I have done some experiments to compare the performance of different strategies, including isPowerOf2 (the straight forward solution), isPowerOf2_ctpop (the popcount implementation), and isPower(of:) (the more general interface). The table below shows the execution time (in sec) for type Int under the -O optimization level across a range of devices.

.	iMac (3.8G Core i5)	Macbook Pro (2.9G Core i7)	iPhone X Max	iPhone X	iPhone 6S	iPad Air (A1474)
isPowerOf2	0.083	0.098	0.121	0.148	0.194	0.305
isPowerOf2_ctpop	0.135	0.154	0.121	0.148	0.222	0.343
isPower(of: 2)	0.082	0.097	0.121	0.148	0.193	0.305
isPower(of: 3)	1.330	1.472	1.442	1.603	3.102	3.775

It can be seen that:

The popcount implementation can be as efficient as isPowerOf2 on some latest devices (e.g., iPhone X and iPhone X Max), but overall is less performant.
In addition, isPower(of: 2) (i.e., the slow path of the general interface isPower(of:)) is as efficient as isPowerOf2.
Moreover, the complexity of isPower(of: non2) is O(log(self) with base non2), and it can be an order of magnitude slower than the other three O(1) scenarios. I think it is acceptable because checking for powers of non-2 bases is much less commonly used, and there isn't any known efficient algorithm.

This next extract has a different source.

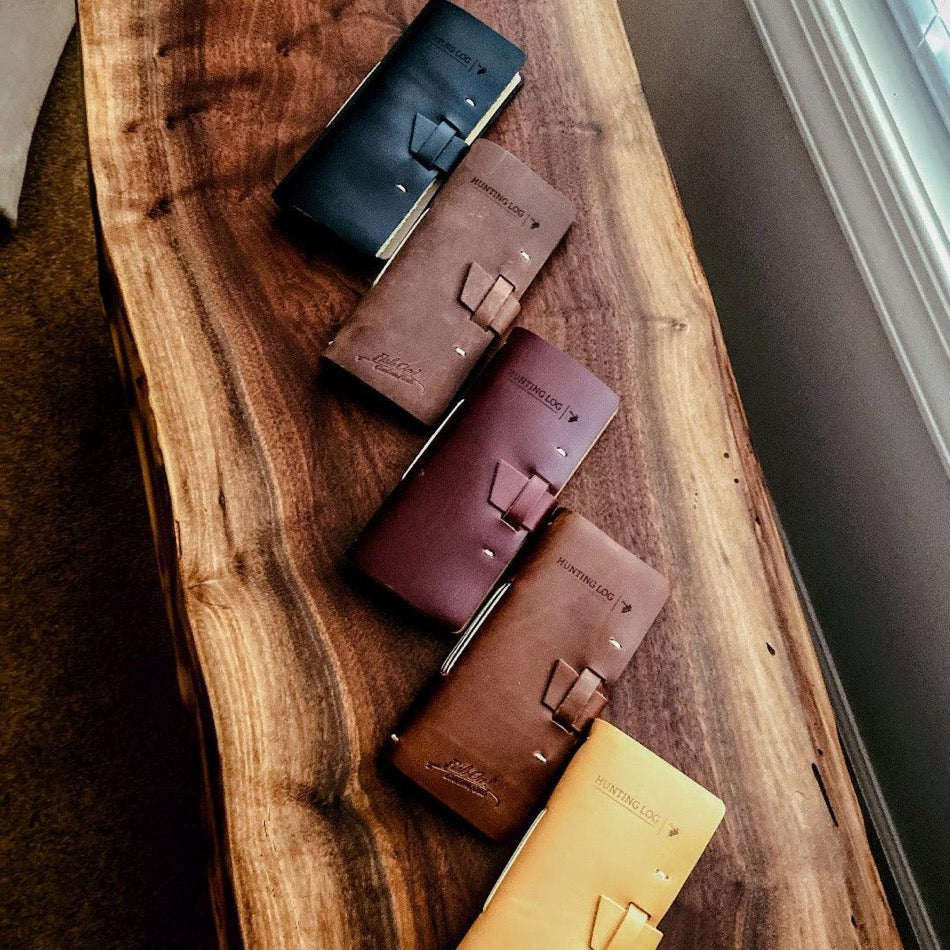 
                  
                    Leather Hunting Journal Early season or better yet preseason or scouting, our Leather Hunting Journal is a great tool for keeping up with key observations, weather conditions, morning or evening and most importantly, your first hunt with your son or daughter.  Designed to be used on any type of hunt, this leather journal is a outdoors enthusiast partner, soon to be filled with memories of a lifetime.   3.75" x 1" x 8" Includes 96 printed rough-cut cream-colored pages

The results for other built-in integer types have a similar pattern to this one, so they are not given in this table. The code of such experiment is shown below:

import Foundation
extension BinaryInteger {
    // Proposed solution
    @inlinable public var isPowerOf2: Bool {
        return self > 0 && self & (self - 1) == 0
    }

    // Alternative solution #1
    //@{
    @inlinable public func isPower(of other: Self) -> Bool {
        if other == 2 { return self.isPowerOf2 } // fast path
        return self._isPower(of: other)          // slow path
    }
    @usableFromInline internal func _isPower(of other: Self) -> Bool {
       // If self is 1, then it is always true.
       if self == 1 { return true }
       // Now self cannot be 1, so it is false when other is 1.
       if other == 1 { return false }
       // If other is 0, then self must be 0; if other is -1, then self must be -1.
       if (other == 0) || (other < 0 && other + 1 == 0) { return self == other }

       // At this point, we have abs(other) > 1.
       guard self % other == 0 else { return false }
       let bound = self / other
       var x: Self = 1
       while (x > 0 ? x : 0 - x) < (bound > 0 ? bound : 0 - bound) { x *= other }
       return x == bound
    }
    //@}
}


extension FixedWidthInteger {
    // Alternative solution #2
    @inlinable public var isPowerOf2_ctpop: Bool {
        return self > 0 && self.nonzeroBitCount == 1
    }
}


func timing(title: String, op: ()->()) {
    let t1 = CFAbsoluteTimeGetCurrent() // <------ Start timing
    op()
    let t2 = CFAbsoluteTimeGetCurrent() // <------ End timing
    let d = String(format: "%.3f", t2 - t1)
    print("\(title):  execution time is \(d) s.")
}


func measure<T: FixedWidthInteger>(_ :T.Type, _ repeating: Int = 100_000_000) {
    timing(title: "\(T.self).isPowerOf2      ", op: {
        var n: T = T(1) << (T.bitWidth - 2)
        for _ in 0..<repeating {
            if n.isPowerOf2 {
                n += 1
            } else {
                n -= 1
            }
        }
        guard n != 0 else { exit(-1) }
    })
    timing(title: "\(T.self).isPowerOf2_ctpop", op: {
        var n: T = T(1) << (T.bitWidth - 2)
        for _ in 0..<repeating {
            if n.isPowerOf2_ctpop {
                n += 1
            } else {
                n -= 1
            }
        }
        guard n != 0 else { exit(-1) }
    })
    timing(title: "\(T.self).isPower(of: 2)  ", op: {
        var n: T = T(1) << (T.bitWidth - 2)
        for _ in 0..<repeating {
            if n.isPower(of: 2) {
                n += 1
            } else {
                n -= 1
            }
        }
        guard n != 0 else { exit(-1) }
    })
    timing(title: "\(T.self).isPower(of: 3)  ", op: {
        var n: T = T(1) << (T.bitWidth - 2)
        for _ in 0..<repeating {
            if n.isPower(of: 3) {
                n += 1
            } else {
                n -= 1
            }
        }
        guard n != 0 else { exit(-1) }
    })
}


measure(UInt8.self)
measure(UInt16.self)
measure(UInt32.self)
measure(UInt64.self)
measure(Int8.self)
measure(Int16.self)
measure(Int32.self)
measure(Int64.self)

dingobye · May 8, 2019, 9:05am

Thanks for your feedback, Iggy~

Agree that when it comes to the isPowerOf2 form, we'd go with a computed property. I think isPower(of:) appears to have better consistency with the existing isMultiple(of:), though.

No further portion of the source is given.